KAECY MORGAN 20722.pdf (182.7 KB)

Farhan.Raza · January 18, 2019, 9:52am

@jdean2k6

Thank you for contacting support.

Please visit below documentation articles for your kind reference, or you may iterate through each Row and Cell of a TableAbsorber object in order to extract text from a table.

Extract Text from PDF

Search and Get Text from Pages of a PDF Document

Document pdfDocument = new Document(dataDir + "Test.pdf");
TableAbsorber absorber = new TableAbsorber();
absorber.Visit(pdfDocument.Pages[1]);
foreach (AbsorbedTable table in absorber.TableList)
{
  foreach (AbsorbedRow row in table.RowList)
  {
      foreach (AbsorbedCell cell in row.CellList)
      {
          TextFragment textfragment = new TextFragment();
          TextFragmentCollection textFragmentCollection = cell.TextFragments;
          foreach (TextFragment fragment in textFragmentCollection)
          {
              Console.WriteLine(fragment.Text);
          }
      }
  }
}

We hope this will be helpful. Please feel free to contact us if you need any further assistance.

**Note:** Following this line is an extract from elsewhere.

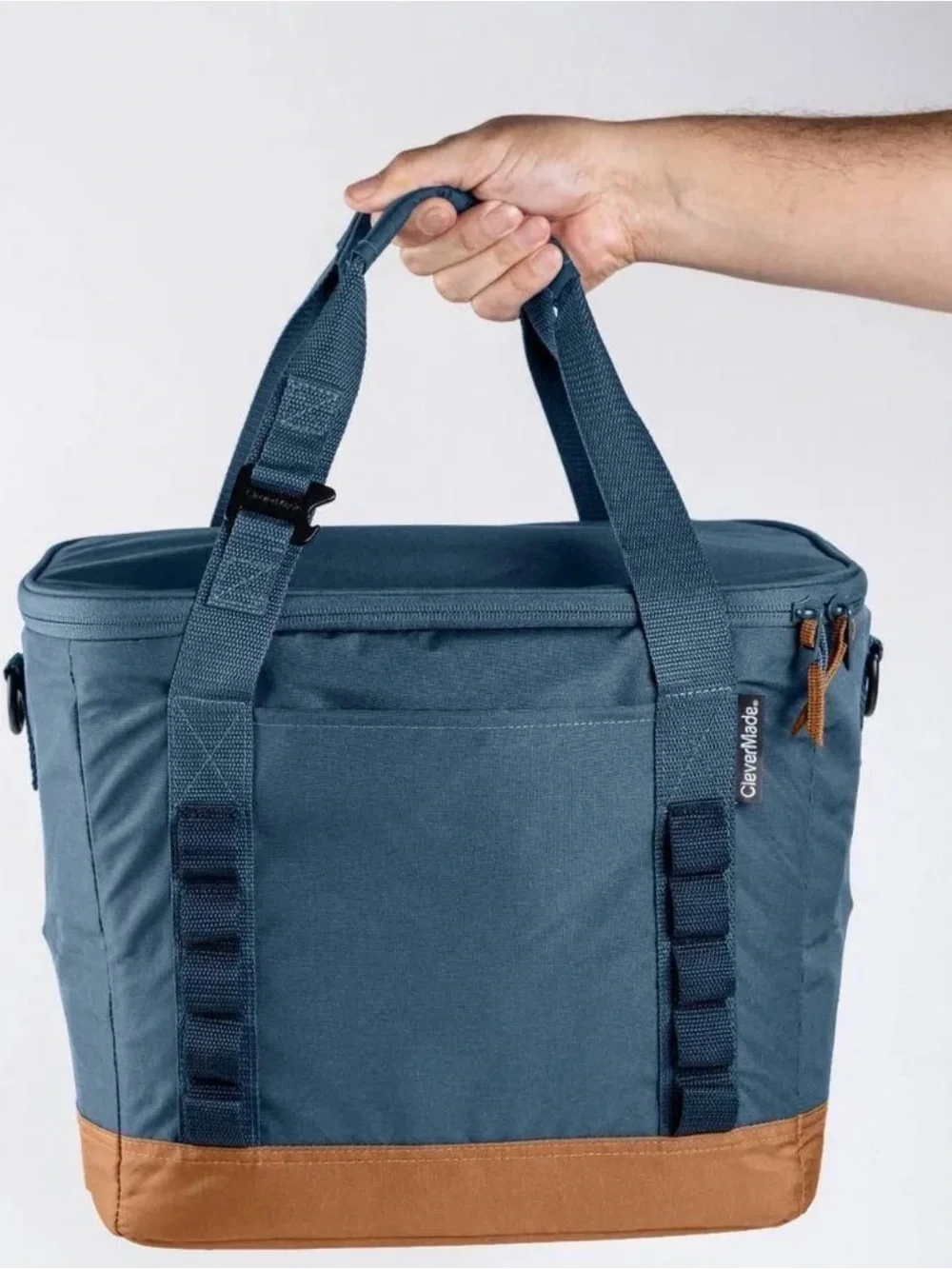 New CleverMade Collapsible Tahoe Cooler 30 Cans Soft Sided Cooler Ocean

jdean2k6 · January 19, 2019, 7:58am

Okay I did that and it worked but now I want to know how would I isolate the different sections like if I want to extract only the Description column, what’s the best way to do that? If you look at the document its an invoice so it could stretch to another page so I need to make an algorithm that can incorporate that. Just checking if it’s possible.

Farhan.Raza · January 19, 2019, 5:33pm

@jdean2k6

You may search text from particular region of a page as explained in previously shared documentation article. Or you may try to iterate through each row then extract text from first cell as per your requirements.